K : Votre adaptation débute avec «L’invité de Dracula». Pourquoi avoir mis cet épisode, retiré par les éditeurs du roman de Stoker ?

H : Mon envie première, en me penchant sur le roman de Stoker, était de l’adapter de la manière la plus fidèle possible. Et cet épisode était pour moi non seulement indispensable à la compréhension du récit, mais également une des parties les plus fortes de l’œuvre, car elle permet d’entrer tranquillement dans l’histoire et d’installer les premières peurs chez le lecteur. Elle a une dimension très mystérieuse et le cocher est un personnage assez incroyable, c’est un peu le garde-fou de Jonathan qui, lui, le considère comme un simple illuminé aux croyances ancestrales, pour se
rendre compte un peu plus tard de son erreur…

K : Que pensez-vous de l’adaptation de Dracula par Francis Ford Coppola ?

H : Personnellement, je l’ai trouvée assez fantastique.
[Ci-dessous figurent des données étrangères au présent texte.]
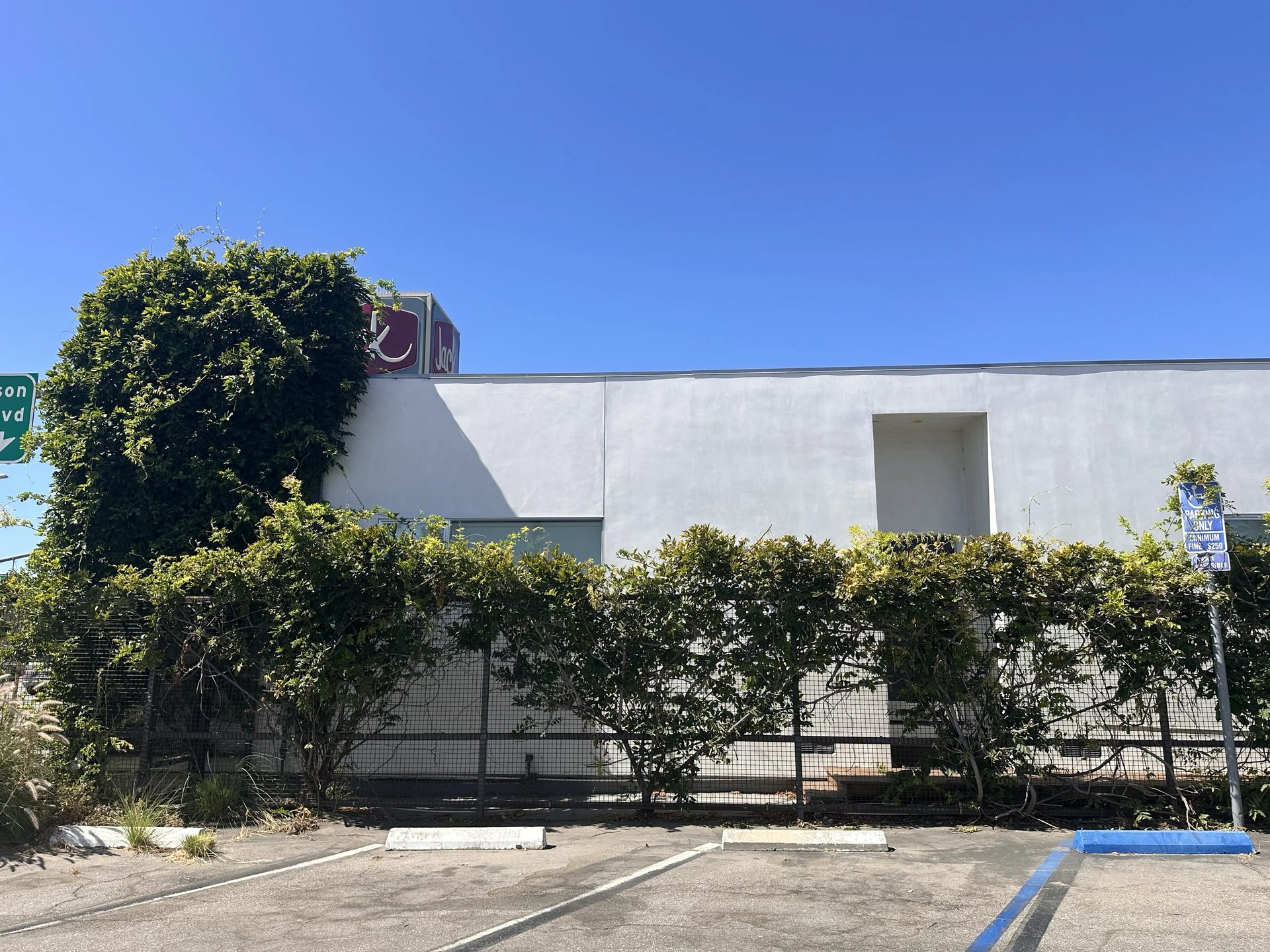 5408 Sepulveda Blvd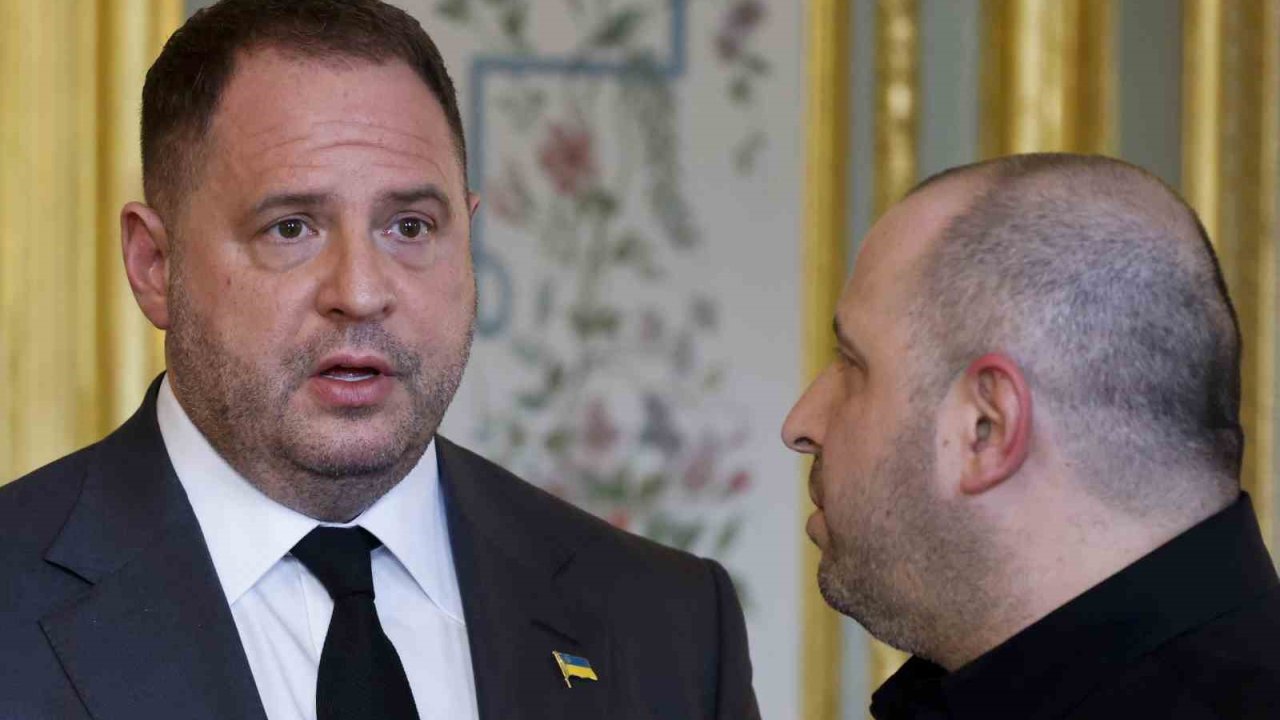 Ukrayna: "Ukrayna heyeti, Rus heyete iade edilmesini istedikleri çocukların listesini verdi"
Au niveau visuel, il y a des trouvailles admirables. Il a vraiment réussi à moderniser l’image de Dracula, tout en conservant ce côté mythique qui fait la richesse de l’œuvre. Et les costumes sont merveilleux. Maintenant, il y a quelques libertés par rapport au scénario de Stoker, ce qui est un peu dommage. La première partie, L’invité de Dracula, n’apparaît pas dans le film. Et puis, cette histoire d’amour entre Mina et le Comte, même si elle fonctionne très bien et permet de grandes scènes inédites, n’était peut-être pas indispensable. Reste maintenant à savoir si c’est un choix délibéré ou une commande du studio. S’il s’agit réellement de la volonté de Coppola, de la vision qu’il a du récit, alors c’est très bien. Le film fonctionne parfaitement en l’état. Après, au niveau des films de vampires, j’ai quand même une petite préférence pour le Nosferatu, de Werner Herzog, qui possède une dimension onirique incroyable, laissant planer un malaise constant avec des plans parfois aux limites de l’abstraction. Et, dans un autre registre, il y a Le Bal des Vampires de Polanski, qui fut pour moi un véritable choc.
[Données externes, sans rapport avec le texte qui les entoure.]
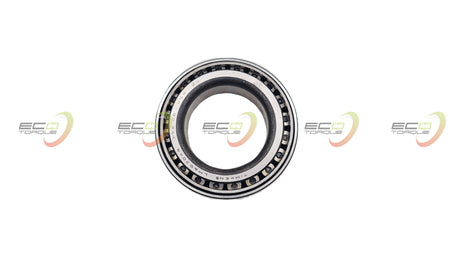 Timken Single Row Tapered Roller Bearing LM 603049/011 45.242x77.788x19.842mm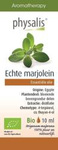 Marjolein etherische olie (Marjolaine) Bio 10 ml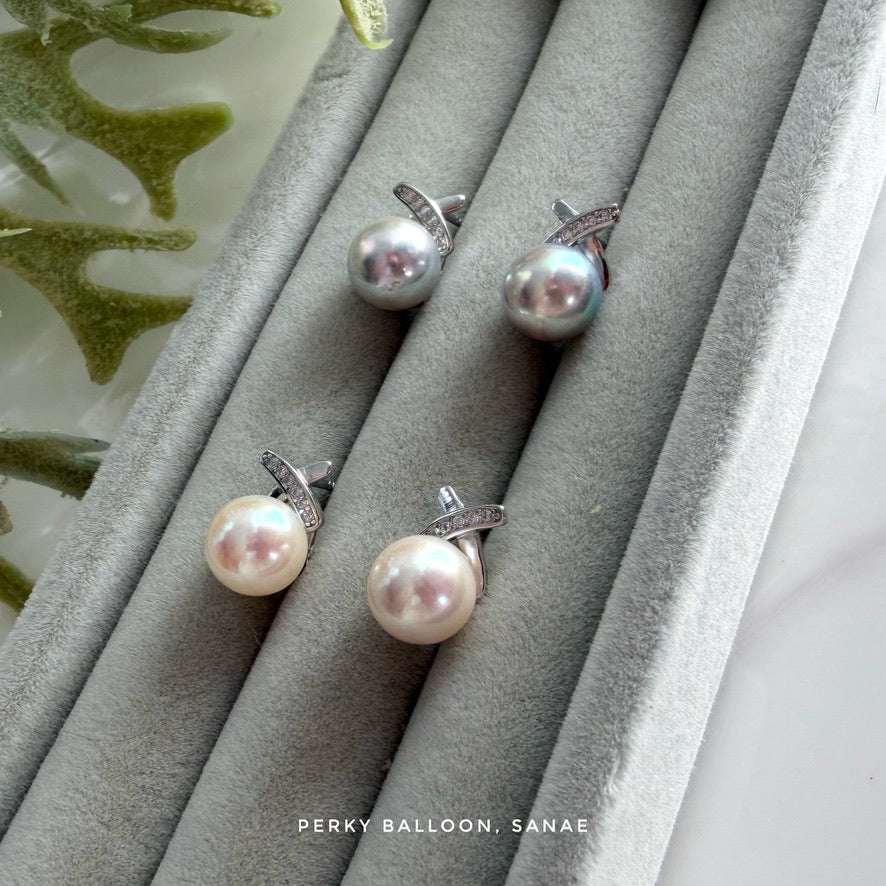 Sanae earrings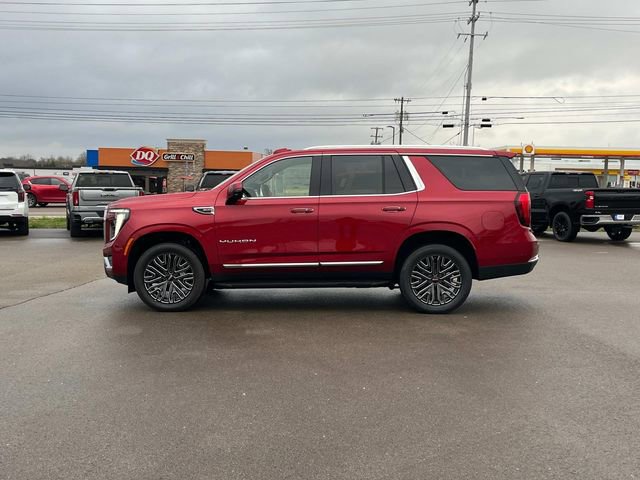 New 2026 GMC Yukon Elevation image 9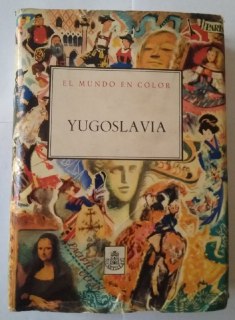 Yugoslavia.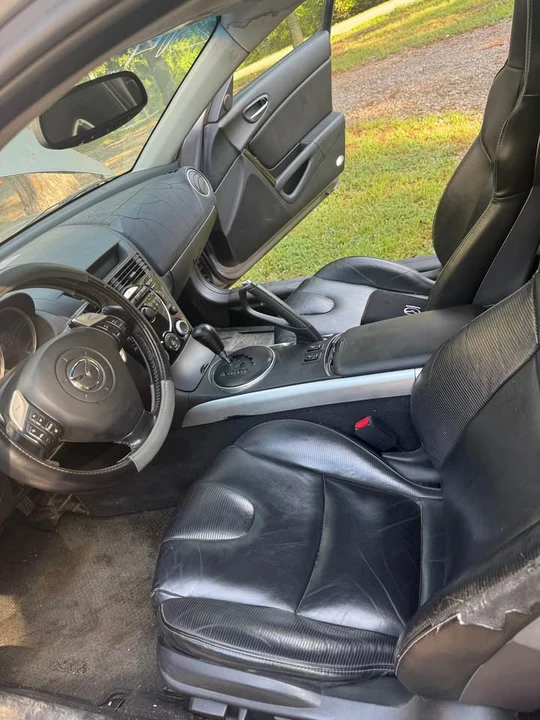 2004 Mazda RX-8 1st Gen - Image 6 of 10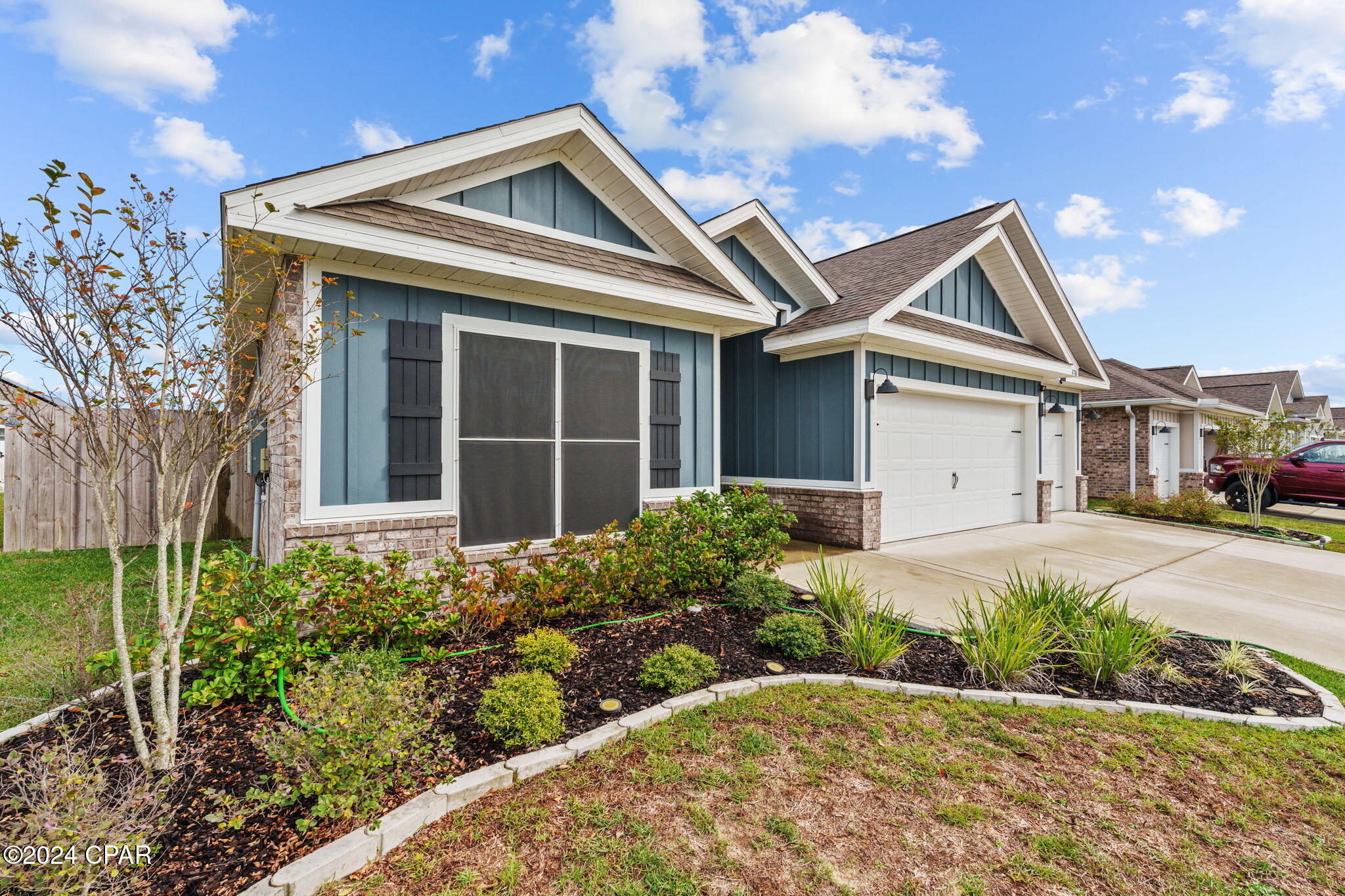 4718 Rosemary Street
K : Votre vampire apparaît comme insaisissable. Il est fort proche de l’idée d’un fantôme. Est-ce là votre conception, votre «image» du vampire ?

H : Je ne voulais pas d’un vampire omniprésent; d’ailleurs on ne le voit que très peu dans le premier tome. L’idée était qu’en ne le montrant pas, on suggérait toujours sa présence; il pouvait être partout et arriver à tout moment. Du coup, Jonathan paraît toujours surveillé et cela crée, à mon avis, plus d’intensité que si j’avais réellement défini la place de Dracula. Donc oui, on est assez proche de l’idée d’un fantôme, même si on se dit que c’est un fantôme qui peut être à divers endroits à la fois, voire même à l’extérieur, dans un nuage, une forêt… En regardant bien les images, on peut même le découvrir dans des éléments de décor, mais là c’est au lecteur de chercher, et de s’y perdre.
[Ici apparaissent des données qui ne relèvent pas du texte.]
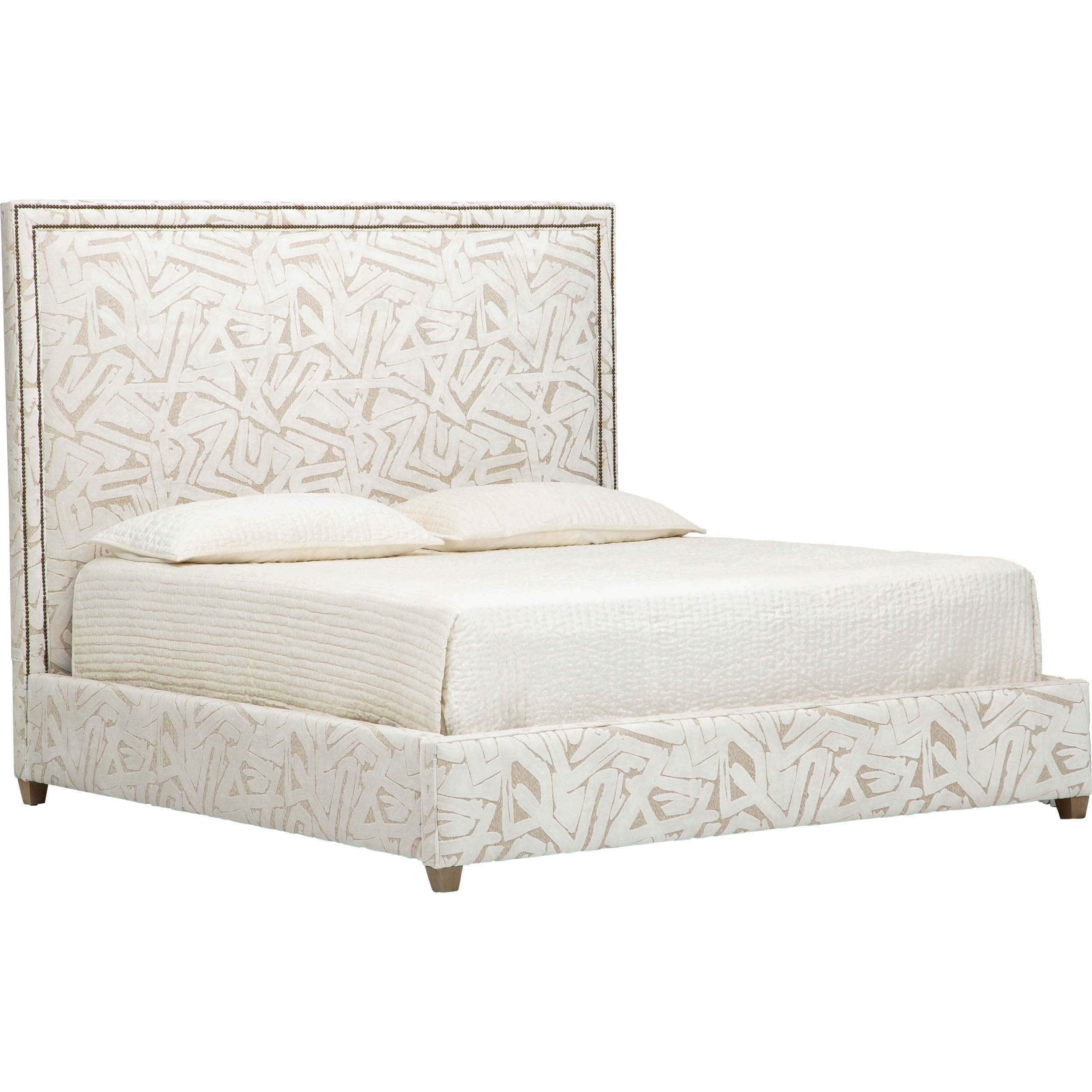 Image of Hamilton Bed, ACDC Natural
K : Pensez-vous retravailler sur des thèmes fantastiques ?

H : Je dirai oui, mais a priori je n’en sais rien. En tout cas, pas dans l’immédiat. Je vais déjà rouvrir mes rideaux, ranger mon cercueil au placard, aller voir ce qui se passe dehors et prendre un bain de soleil ! Sérieusement, il y a beaucoup d’histoires très intéressantes à adapter dans le domaine du fantastique et il y en a aussi sûrement beaucoup à écrire… Mais c’est vrai qu’il est toujours intéressant, en adaptant un texte fantastique en bande dessinée, de lui donner un nouvel élan, une nouvelle exposition et, si possible, une nouvelle vision.